Market context and competitive landscape
SPMS without relapses represents one of the most difficult-to-treat segments of the MS market. Approved therapies for progressive forms of the disease have been limited; siponimod (Novartis) carries an EMA label for active SPMS, and ocrelizumab (Roche) is approved for primary progressive MS, but neither is indicated for the non-relapsing SPMS population that tolebrutinib now addresses. The BTK inhibitor class has attracted considerable attention in neuroimmunology, with several other companies including Merck KGaA and Roche running competing programmes, though Cenrifki is the first in the class to reach approval in this specific indication.

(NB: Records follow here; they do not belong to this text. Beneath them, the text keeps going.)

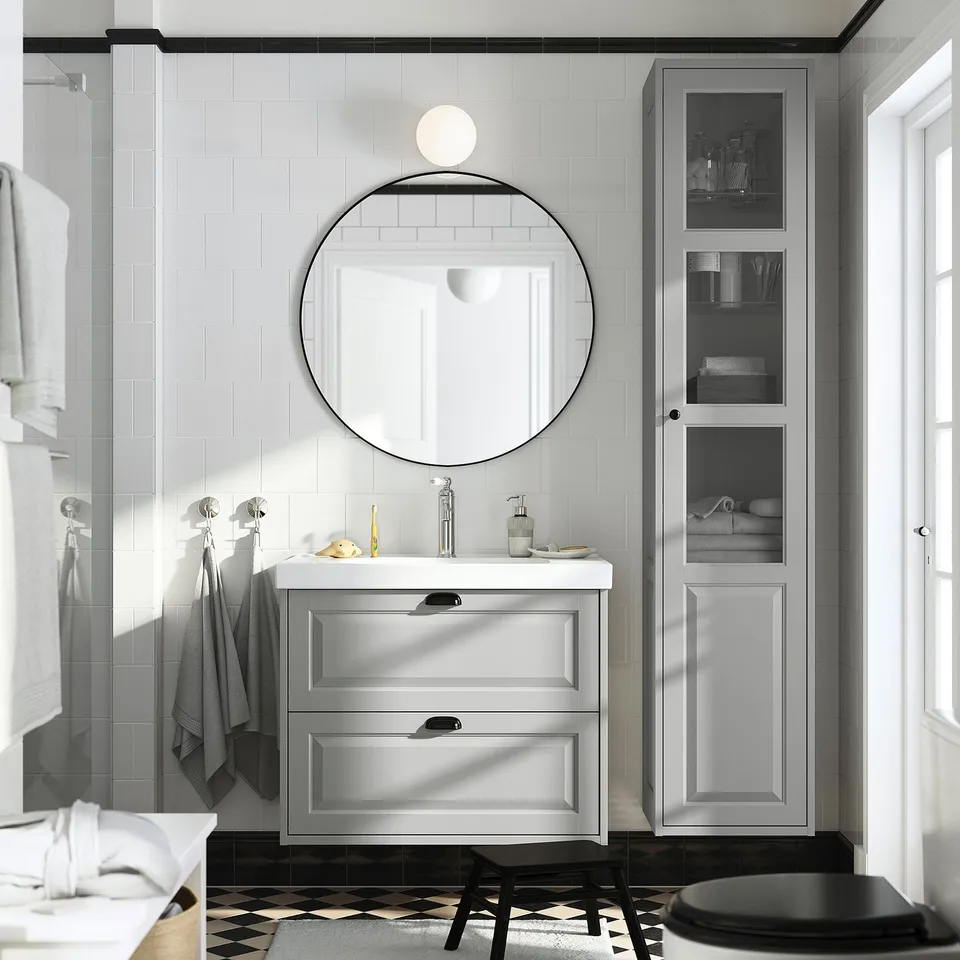 TÄNNFORSEN / ORRSJÖN Wash-stnd w drawers/wash-basin, light grey, 82x49x69 cm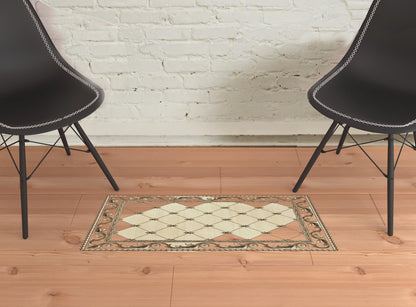 8' Ivory Machine Woven Hand Carved Fleur De Lis Round Indoor Area Rug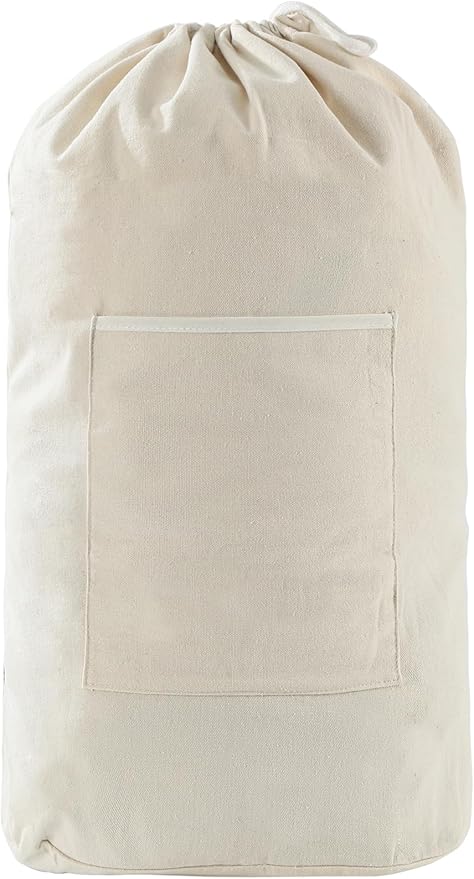 Canvas Laundry bag, Washable Laundry backpack, Adjustable Straps, Large Front Pocket, Drawstring Closure (BEIGE, X-Large)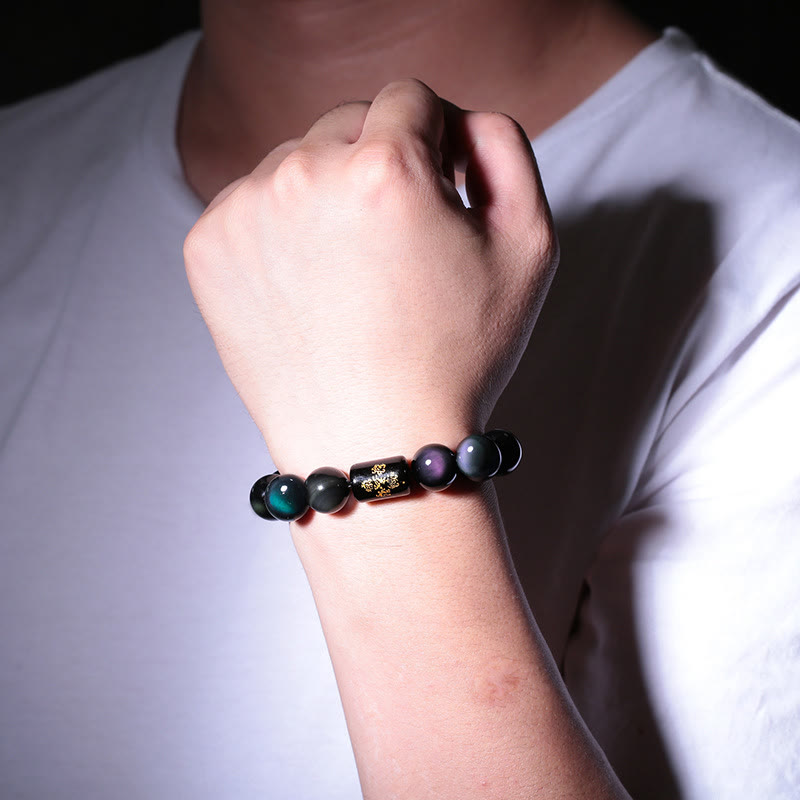 Karma Stone Natural Rainbow Obsidian Positive Transformation Bracelet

Sanofi has said it will launch Cenrifki commercially in Germany in 2026, with other European markets expected to follow through standard national pricing and reimbursement processes. The drug also holds approval in Australia and the UAE. The SPMS disability burden is significant: the release notes that annual MS-related disability costs across major European economies exceed the average annual income per person, and up to 82% of those with severe MS rely on informal caregiving.
The approval strengthens Sanofi's neurology franchise as the company continues to build out a pipeline spanning chronic inflammatory demyelinating polyneuropathy, Alzheimer's disease and Parkinson's disease. For patients with nrSPMS, who have had few meaningful treatment options, the arrival of an EU-approved disability-targeting therapy marks a substantive shift in the standard of care.